Pouco mais de 70% da superfície da Terra é coberta por oceanos. O fato de sabermos menos sobre os oceanos profundos do que sobre o outro lado da lua é tema de inúmeras narrativas de ficção científica, mas tem pouca base na realidade. Isso ainda pode ser verdade para o fundo do mar hoje, já que, segundo estimativas, conhecemos apenas cerca de um terço das criaturas exóticas que vivem lá. No entanto, o conhecimento dos organismos do fundo do mar também é fundamental para avaliar as consequências das mudanças climáticas, como mostram os exemplos do passado do planeta. No entanto, a pesquisa oceânica é cara e intensiva em recursos.

A equipe de pesquisa do MIT está lidando com a dificuldade de observações submarinas de longo prazo em tempo real, citando os sistemas com fio de hoje como um obstáculo. Para resolver esse problema, a equipe desenvolveu uma câmera subaquática sem fio, apenas com voz e sem bateria, que pode revolucionar a pesquisa marinha. Na revista Nature Communications introduzido O dispositivo funciona 100.000 vezes com mais eficiência energética do que as câmeras subaquáticas usadas em pesquisas até agora.

O novo aparelho é composto por um elemento central contendo sensor de imagem e eletrônica, além de uma unidade de flash, e talvez sua característica mais marcante seja a ausência de bateria. Em vez disso, o som serve como fonte de energia. A água transmite o som melhor do que o ar e, mesmo além das fontes de som feitas pelo homem, há energia suficiente circulando no oceano para alimentar dispositivos eletrônicos, como a câmera recém-inventada.

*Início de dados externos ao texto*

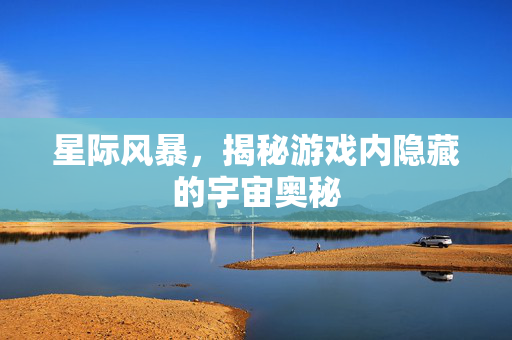 星际风暴，揭秘游戏内隐藏的宇宙奥秘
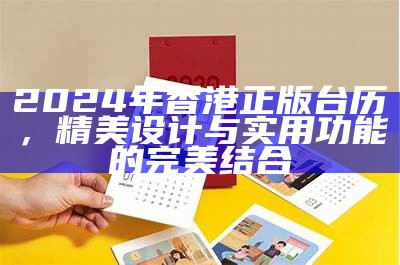 2024年香港正版台历，精美设计与实用功能的完美结合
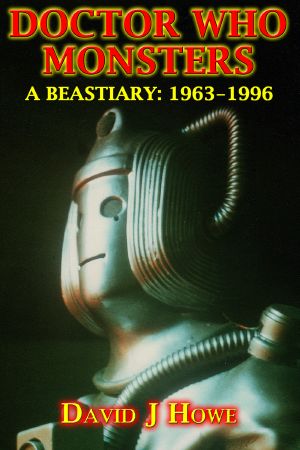 [Doctor Who 01] • Monsters · A Beastianary 1963-1996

Para converter o som em eletricidade, a equipe de pesquisa contou com a piezoeletricidade. Esta última é uma propriedade de certos cristais, como o quartzo: graças à sua estrutura química especial, eles reagem à pressão com uma tensão elétrica. Essa energia é coletada até que seja suficiente para tirar uma foto e enviá-la. A particularidade do novo desenvolvimento é que ele pode capturar imagens coloridas mesmo em condições de pouca luz no oceano, embora o sensor de imagem permita apenas imagens em preto e branco para economizar energia. “Quando fomos às aulas de arte quando crianças, aprendemos que todas as cores podem ser feitas a partir de três cores básicas” – ele afirmou Segundo Fadel Adib, um dos autores do estudo, o mesmo vale para imagens de computador. A solução proposta agora usa três luzes LED piscantes diferentes em vermelho, verde e azul. Assim, a câmera realmente tira três fotos em rápida sucessão, que combina em uma única imagem colorida. Isso é possível por causa da escuridão total nas profundezas.

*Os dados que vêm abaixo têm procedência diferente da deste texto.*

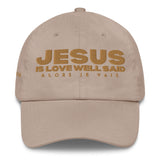 JESUS IS LOVE WELL SAID DAD HAT (GOLD EDITION)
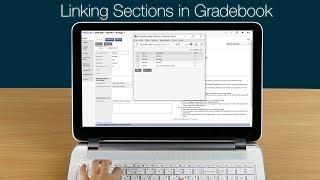 Gradebook: Linking Sections in Gradebook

No entanto, no caso de sondas de pesquisa sem fio, surge a questão de como transmitir as imagens. A equipe usou uma abordagem completamente nova aqui também. Os dados da imagem também são transmitidos bit a bit usando o som. No entanto, para economizar energia, a fonte de som não está localizada na câmera, mas no receptor. O receptor envia pulsos de som e o espelho da câmera os reflete ou absorve. O receptor é capaz de reconstruir as informações do padrão de reflexão da câmera. “Esse processo consome cinco ordens de magnitude menos energia do que os sistemas de comunicação subaquática típicos, pois apenas um único interruptor é necessário para converter o dispositivo de um estado não reflexivo para um estado reflexivo”, explicou Sayed Saad Afzal.

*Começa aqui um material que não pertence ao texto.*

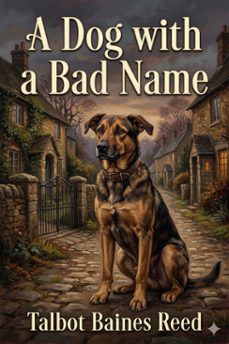 a dog with a bad name (ebook)-talbot baines reed-9786726584574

A equipe testou a nova solução em várias águas superficiais e conseguiu demonstrar com sucesso sua funcionalidade. A transmissão de dados até agora só foi testada até um alcance de 40 metros. O próximo passo será ver como esse valor pode ser aumentado. Além disso, a câmera recebe uma memória que permite gravar vídeos. Fadel Adib, professor do MIT e líder do grupo Signal Cinetics, disse que a área de aplicação mais importante do novo desenvolvimento é a pesquisa climática. “Fazemos modelos climáticos, mas não temos dados de mais de 95% do oceano. Essa tecnologia pode nos ajudar a fazer modelos climáticos mais precisos e entender melhor como as mudanças climáticas afetam o mundo subaquático”, enfatizou o especialista.